Due insidiose vulnerabilità avevano trasformato in spammer una soluzione anti-malware. Distribuita la patch contro il paradosso

Roma – Magra figura per la nota compagnia antivirale McAfee, passata sotto l’ala Intel. L’applicativo Total Protection , pensato per la protezione completa di email e Web, conteneva un paio di buchi nel codice che un malintenzionato avrebbe potuto sfruttare proprio per inviare spam.

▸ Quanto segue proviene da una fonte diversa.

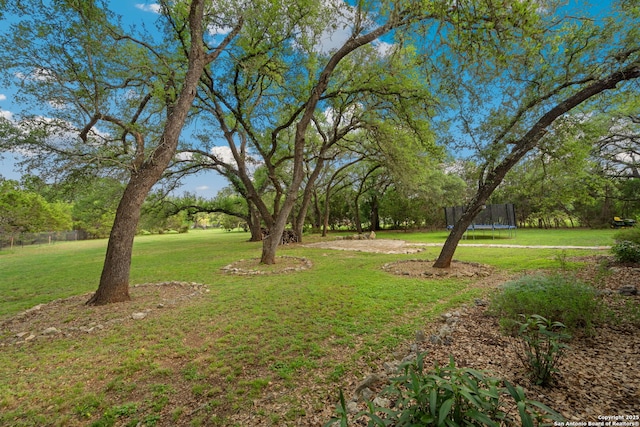 30406 Saddleridge, Bulverde, TX 78163 - view of yard featuring a trampoline and fence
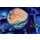 Psammocora superficialis FRAGS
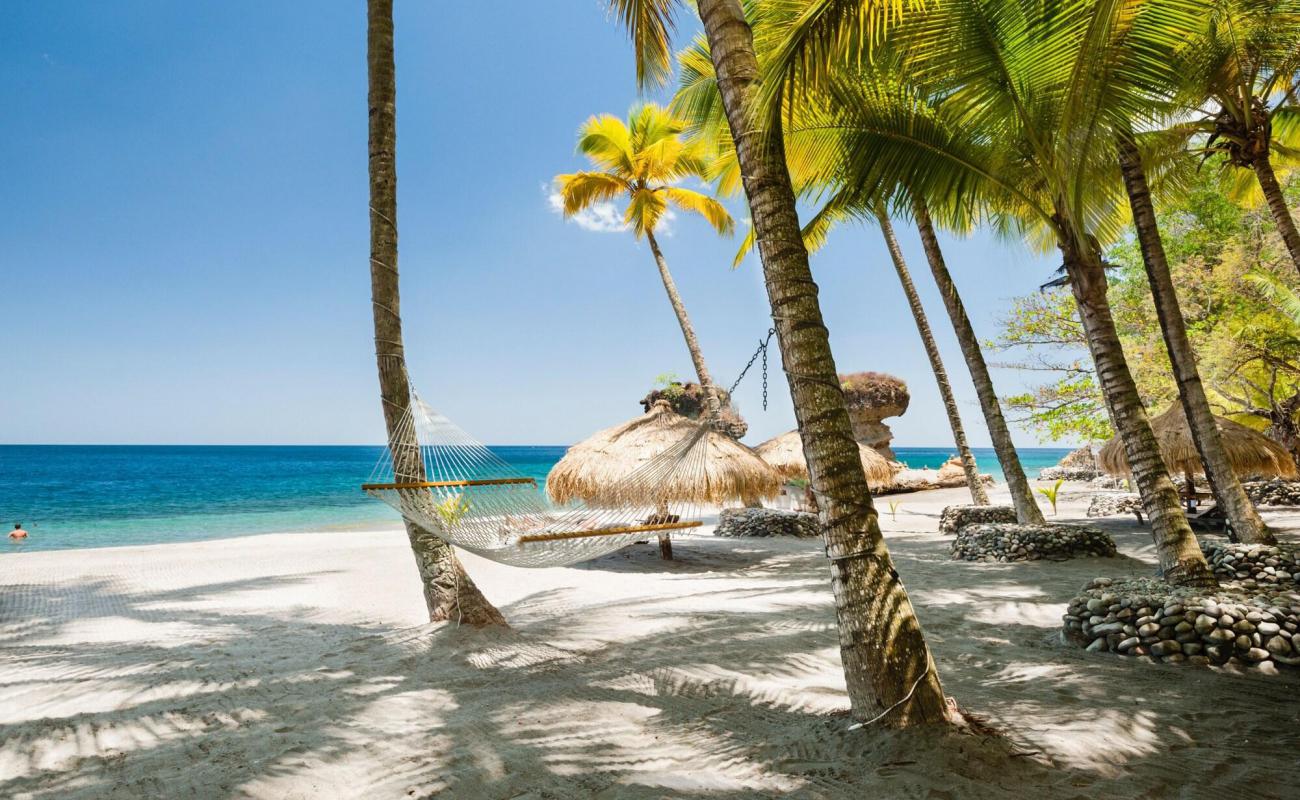 Foto af Anse Chastanet Strand med lys skaldesand overflade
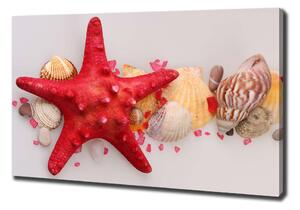 Vászonkép Starfish és kagylók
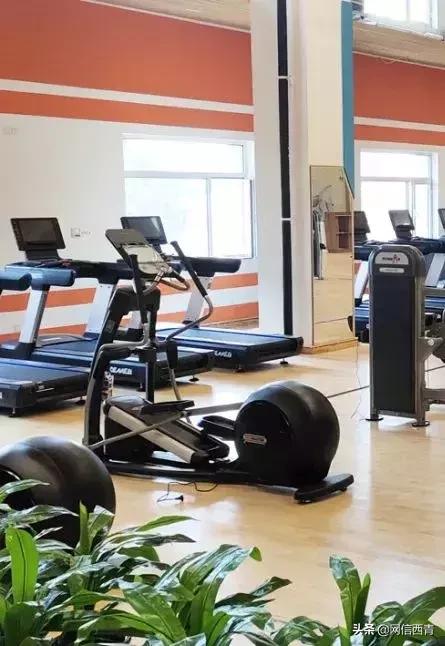 体操王子李宁走进天津西青——西青区全民健身运动会倒计时100天暨天津西青李宁运动中心开园活动举行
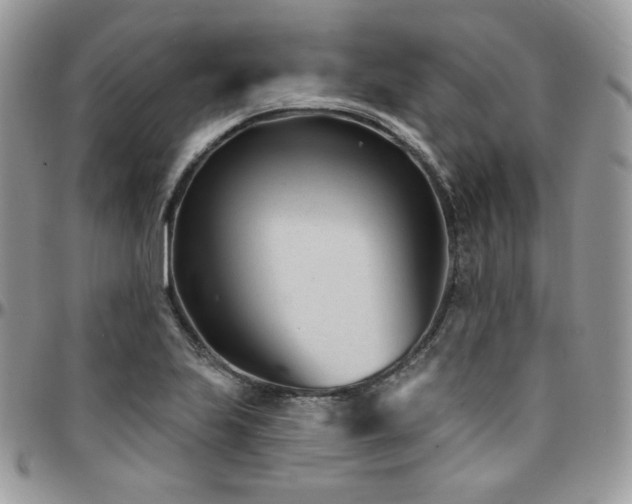 X0000095131223200712071300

Il collaudato software SaaS (Security-as-a-Service) passava al setaccio le vulnerabilità e bloccava la posta indesiderata proveniente dall’esterno ma non si era reso conto dei propri bug, che paradossalmente lo trasformavano in uno spammer. A segnalare il problema di sicurezza ci hanno pensato direttamente gli utenti.

Per la precisione, Total Protection consentiva agli aggressori di collegarsi utilizzando la porta TCP 6515, eseguire codice attraverso ActiveX e spedire email in background. I tecnici McAfee hanno ammesso l’esistenza e la pericolosità di queste falle, che in pratica rendono la macchina dell’utente parte di una botnet, precisando però che i dati salvati sui computer non sono mai stati a rischio.

Il team McAfee ha preparato subito una patch che dice al software di non considerare la maggior delle richieste che arrivano sulla porta 6515. La nuova versione aggiornata da scaricare è la 5.2.3, patch 4.